Therefore, imidazole propionate was determined to be an inhibitor of the
intracellular insulin receptor signaling cascade. At the same time, imidazole
has been shown to act as an activator of the p38γ-p62-mTORC1 pathway, which can
inhibit the formation of the insulin receptor substrate protein and mTORC1
complex (Figure 1).
In
addition to more classic metabolite studies, high salt intake has also been
associated with cardiometabolic risks and metabolic disorders. So far, most
research on this topic has dealt with the role of this particular mineral and
its impact on heart disease and obesity.
As we all
know, salt has been used for thousands of years to prevent the growth of
microorganisms (such as pickling and preserving food). In a 2018 article, El
Hadji Seck and colleagues examined the relationship between salt intake, gut
microbiota composition, and obesity.
In a
geographically diverse group of more than 1,300 individuals, they discovered a
potentially unexpected link between salt and microbiota. First, they found that
fecal salinity increased in obese people in different countries, and that high
salinity could even be used as a predictor of obesity, regardless of age,
gender, and country.
Additionally,
they found a dose-dependent relationship between fecal salinity and body
weight, suggesting a link between intestinal salinity levels and obesity. The
authors used both 16S sequencing methods and culturomics methods to study
halophilic bacteria. The study included the analysis of 572 samples and the
culture of more than 85,000 microbial colonies, prompting the discovery of new
bacterial and archaeal species. In addition, 16S sequencing analysis of 164
samples showed an inverse relationship between salinity and microbial
diversity. Therefore, both approaches (high-throughput sequencing and
culturomics) help to demonstrate that the composition of the gut microbiota is
not only related to obesity but also to salinity.
The
authors also found that in addition to the enrichment of halophilic bacteria,
fecal salinity was a key factor in the reduction of Bifidobacterium and
Akkermansia muciniphila. Both bacteria are inversely associated with metabolic
disorders, low-grade inflammation, insulin resistance, and T2DM. In addition,
they are producers of SCFAs. These microbial metabolites are involved in
regulating multiple targets such as glucose, lipid and energy metabolism, as
well as immunity and cancer.
Bifidobacteria
and A. muciniphila are probiotics, microorganisms that are beneficial to the
health of the host. This study highlights that excessive salt intake can play
an important role in the balance of the gut microbiota by reducing the levels
of probiotic bacteria. The authors also discovered a novel mechanism by which
salt may contribute to the development of metabolic diseases associated with
obesity.
Another
study in 2018 on Bifidobacterium and A.muciniphila found that a strain of
Bifidobacterium has an improvement effect on obesity.
In a
randomized, double-blind, placebo-controlled trial, Anna Pedret and colleagues
found that after three months of taking live or heat-inactivated
Bifidobacterium animalis subspecies lactis CECT 8145, fat biomarkers in obese
people Improvements in levels (including reductions in body mass index (BMI)

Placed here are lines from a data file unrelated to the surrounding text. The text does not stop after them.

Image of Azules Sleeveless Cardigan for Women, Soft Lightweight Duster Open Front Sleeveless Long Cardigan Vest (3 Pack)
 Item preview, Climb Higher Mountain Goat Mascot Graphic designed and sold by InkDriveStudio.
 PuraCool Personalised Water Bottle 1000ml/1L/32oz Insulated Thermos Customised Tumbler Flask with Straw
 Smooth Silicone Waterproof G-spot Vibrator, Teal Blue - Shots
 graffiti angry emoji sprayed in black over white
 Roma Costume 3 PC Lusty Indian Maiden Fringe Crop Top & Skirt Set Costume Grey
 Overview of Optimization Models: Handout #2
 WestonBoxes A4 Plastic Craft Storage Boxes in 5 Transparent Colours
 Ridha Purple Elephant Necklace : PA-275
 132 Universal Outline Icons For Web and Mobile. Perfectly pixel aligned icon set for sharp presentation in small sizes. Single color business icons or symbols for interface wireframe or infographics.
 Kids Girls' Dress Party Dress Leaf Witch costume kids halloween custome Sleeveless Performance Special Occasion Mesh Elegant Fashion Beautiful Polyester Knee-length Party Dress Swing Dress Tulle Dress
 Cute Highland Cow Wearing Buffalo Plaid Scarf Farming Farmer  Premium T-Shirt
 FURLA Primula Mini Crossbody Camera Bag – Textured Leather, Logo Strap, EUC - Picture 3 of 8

and visceral fat content) were seen, particularly in women. In addition, the
authors also emphasized that the intake of live bacteria is associated with an
increase in the number of A.muciniphila.
However,
based on these results, it is difficult to determine whether the increase in A.
muciniphila numbers is related to the observed phenotype, as the authors only
observed a beneficial effect of high-temperature-inactivated B. animalis on
visceral fat content, and in these experiments, A . muciniphila numbers did not
increase. In addition, microbial metabolites were not investigated in this
study. Therefore, it remains to be determined whether there are differences in
the effects of supplementation with live or high-temperature-killed bacteria on
host metabolism.
More and
more researchers are beginning to explore the connection between microbiota,
metabolites and host metabolism, and these articles in 2018 also discovered
some interesting new mechanisms based on original research, which also link
specific microorganisms to Or microbial metabolites are associated with the
occurrence of some metabolic disorders.
In
studies on humans, new mechanisms have gradually confirmed previous clinical
findings.
Moreover,
in addition to some more classic metabolites such as short-chain fatty acids,
the effects or effects of amino acids or salts and other substances on
microorganisms and microbial metabolites have also been gradually discovered,
which has also provided a wider range of disease prevention measures and even improvements
in treatment options. theoretical basis.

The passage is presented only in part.